▶ What to produce
Apart from the pictures, every line below needs to be reproduced verbatim.

▶ Material provided
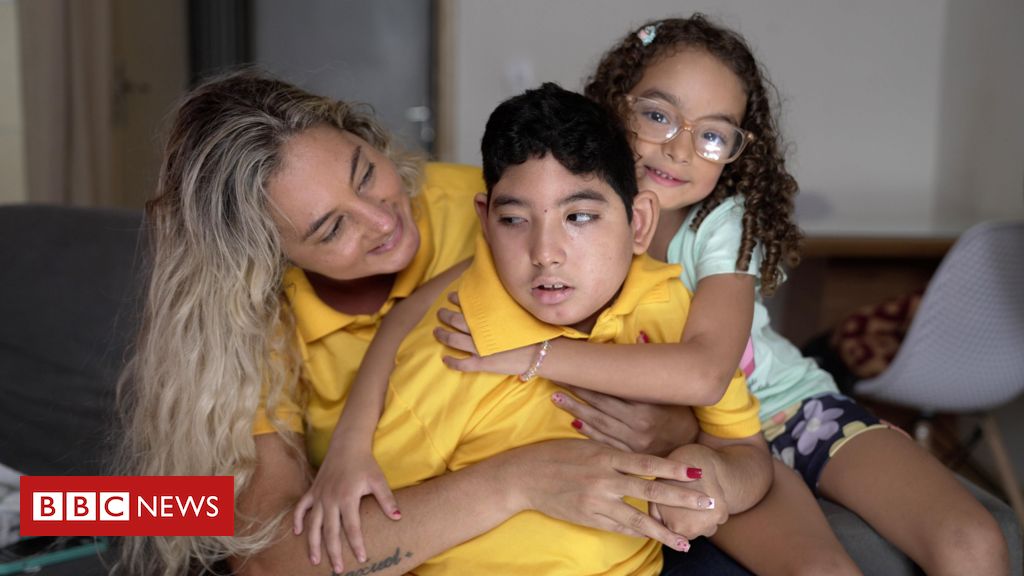 Como estão crianças com microcefalia, 10 anos após a epidemia de zika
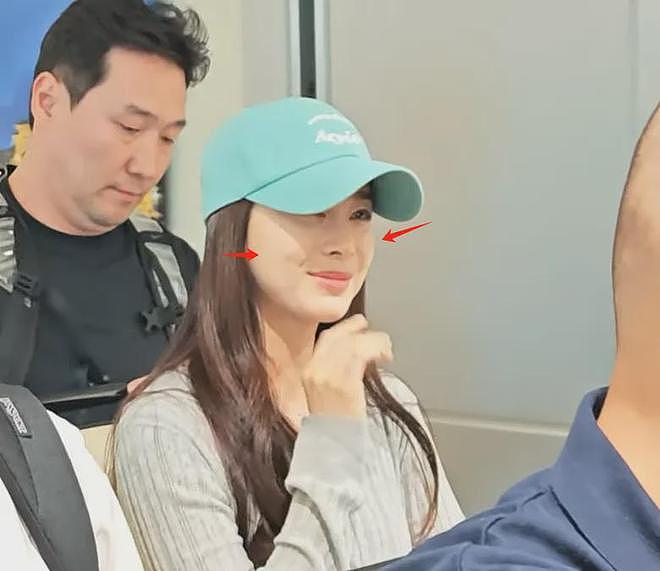 45岁金泰希为医美代言，脸油到反光，曾经的“自然美女”不复存在（组图） - 10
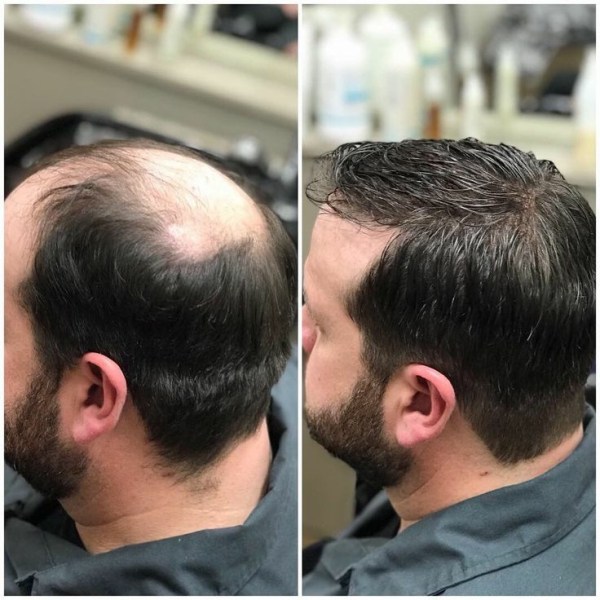 Non Surgical Hair Replacement Centre in Hyderabad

▶ Output below
 Como estão crianças com microcefalia, 10 anos após a epidemia de zika
 45岁金泰希为医美代言，脸油到反光，曾经的“自然美女”不复存在（组图） - 10
 Non Surgical Hair Replacement Centre in Hyderabad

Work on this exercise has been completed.